EXERCISE BRIEF:
Without the pictures, write out all the lines below exactly as they appear.
*** Opening of INFORMATION SHOWN ***
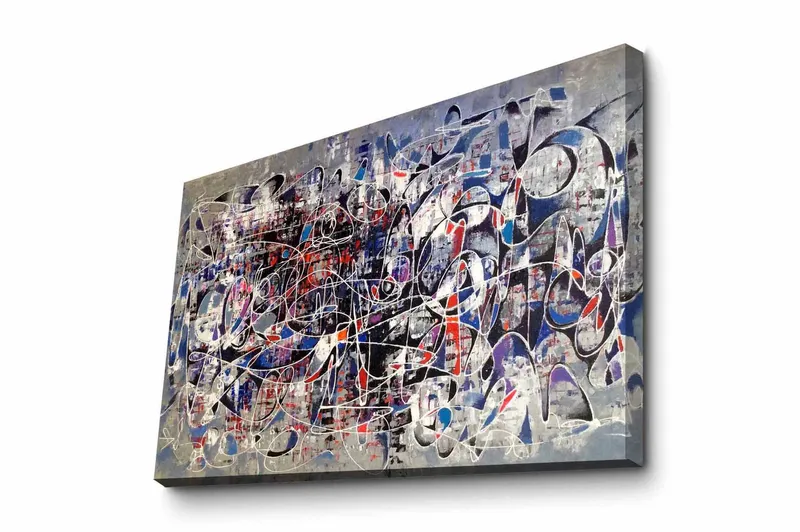 Canvastavla - Abstrakt komposition med dynamiska linjer och former, Mörkblå / Röd / Vit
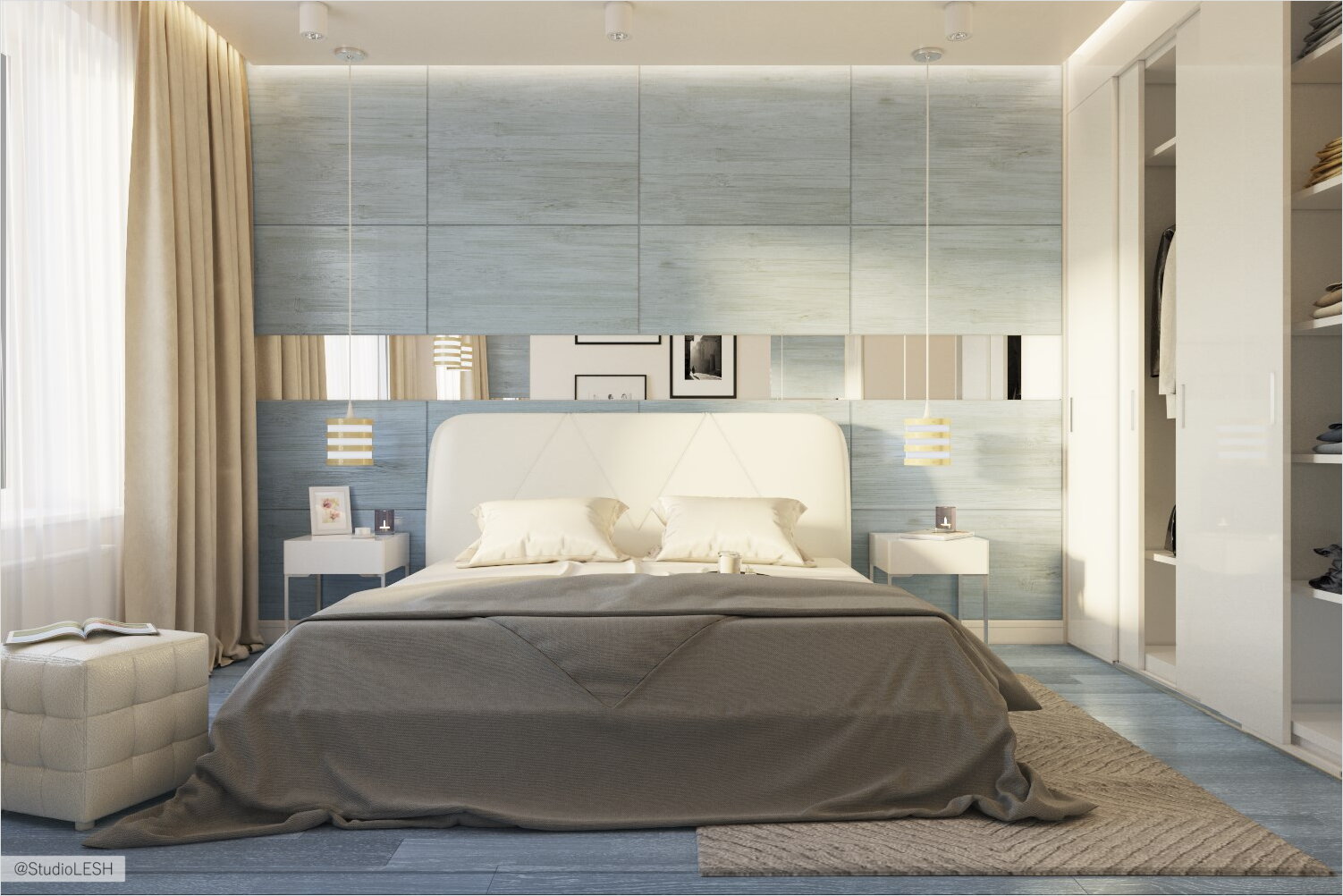 Спальня большая кровать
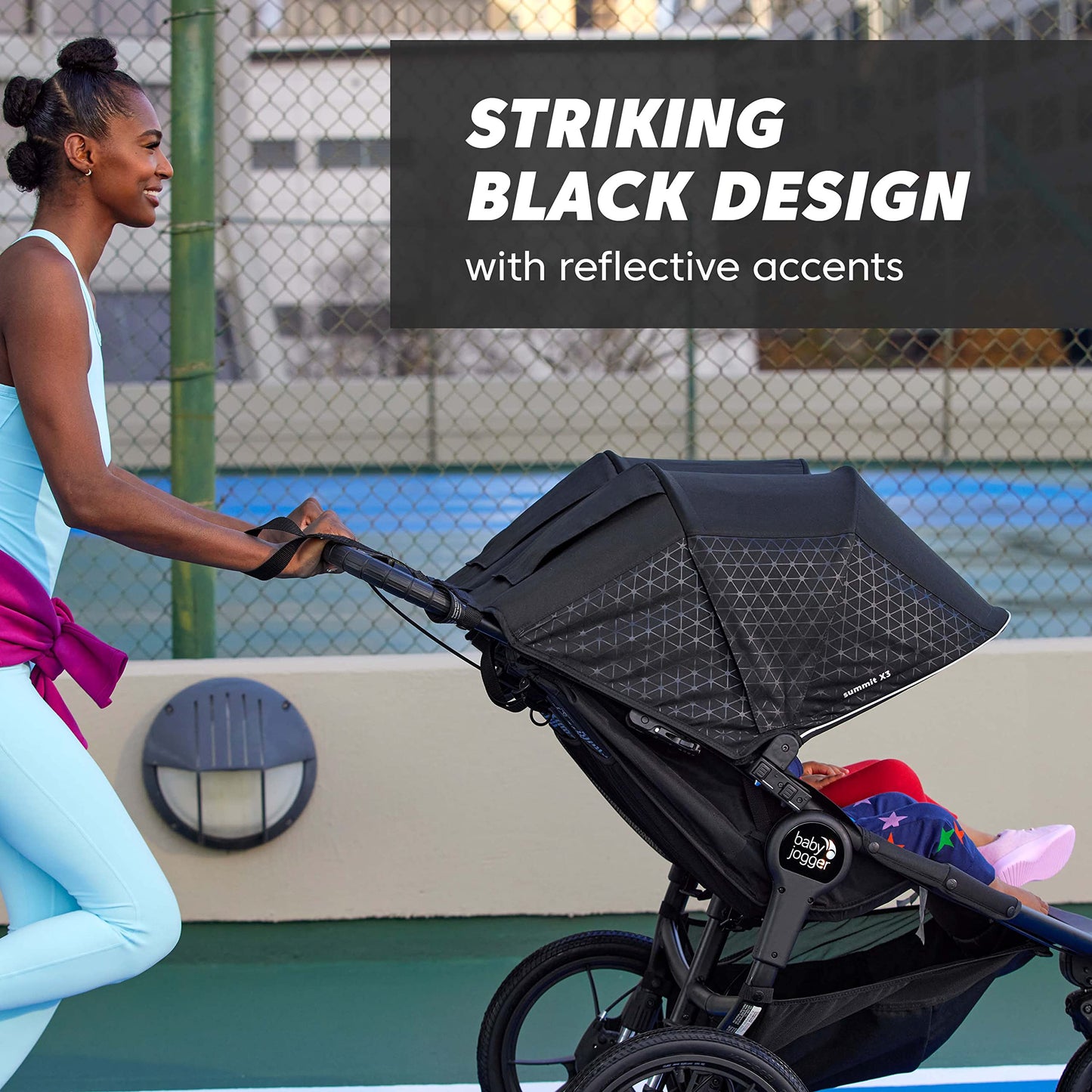 Baby Jogger® Summit X3 Double Jogging Stroller, Side by Side Double Stroller with Smooth Ride for Walking/Jogging, Compact Fold, All-Terrain Air Filled Tires, and All-Wheel Suspension, Midnight Black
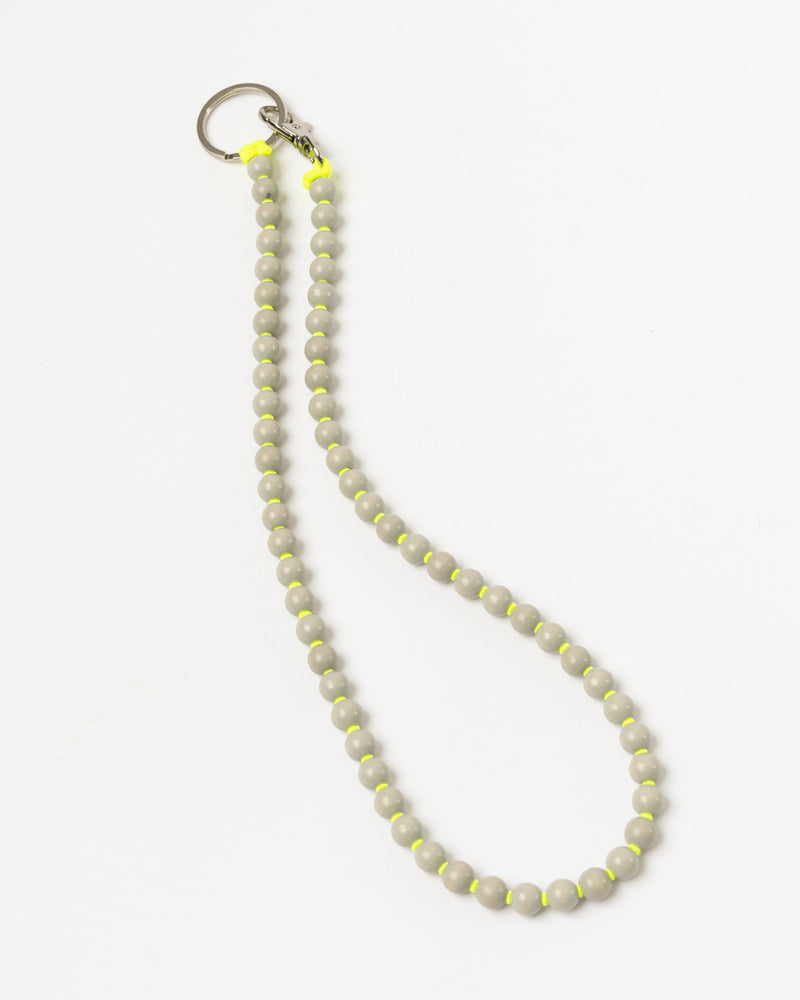 Ina Seifart Perlen Long Keychain in Light Grey/Neon Yellow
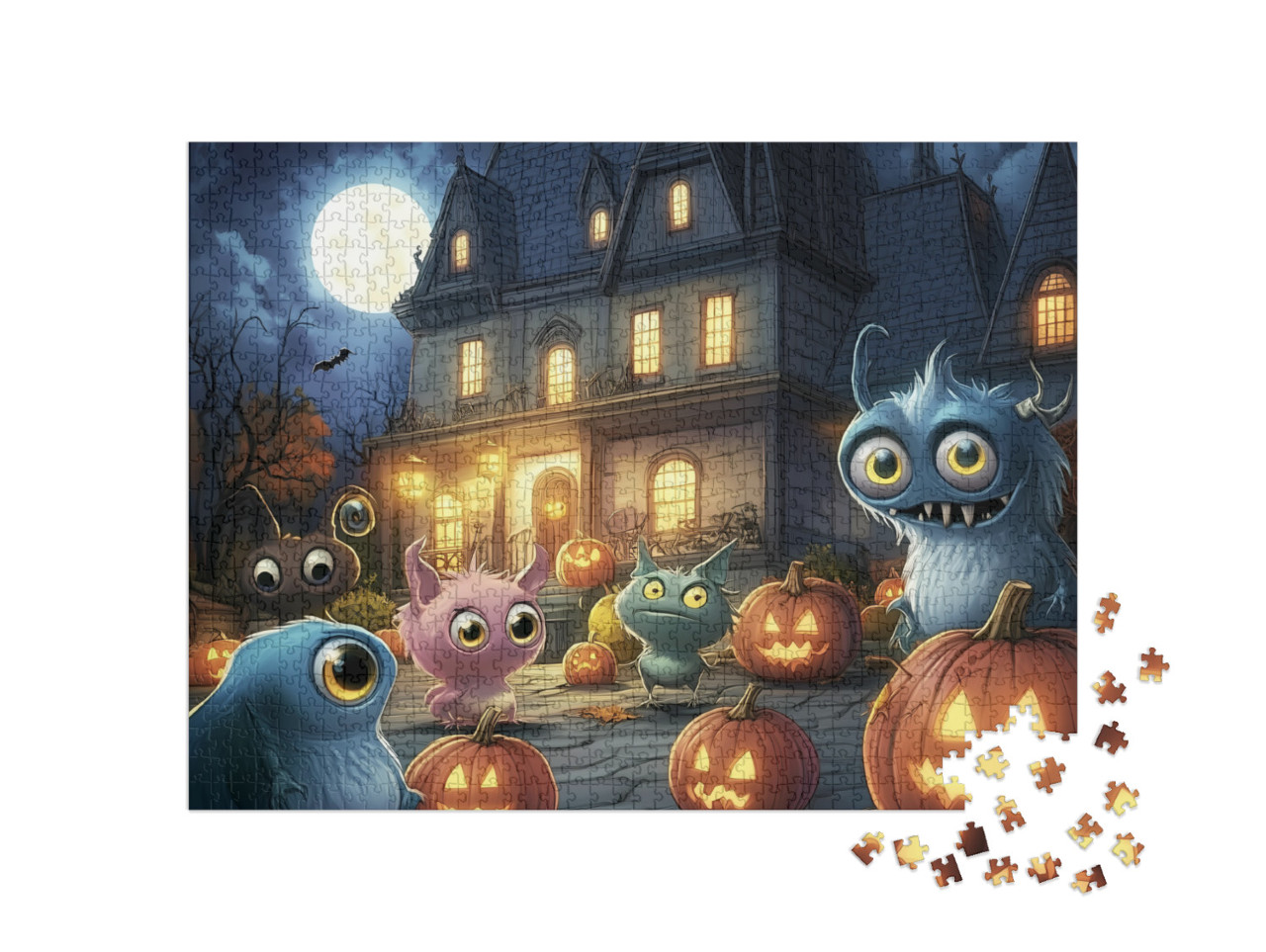 Puzzle 1000 Teile „Monsterfreunde an Halloween“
*** Close of INFORMATION SHOWN ***
ANSWER TO THE EXERCISE:
 Canvastavla - Abstrakt komposition med dynamiska linjer och former, Mörkblå / Röd / Vit
 Спальня большая кровать
 Baby Jogger® Summit X3 Double Jogging Stroller, Side by Side Double Stroller with Smooth Ride for Walking/Jogging, Compact Fold, All-Terrain Air Filled Tires, and All-Wheel Suspension, Midnight Black
 Ina Seifart Perlen Long Keychain in Light Grey/Neon Yellow
 Puzzle 1000 Teile „Monsterfreunde an Halloween“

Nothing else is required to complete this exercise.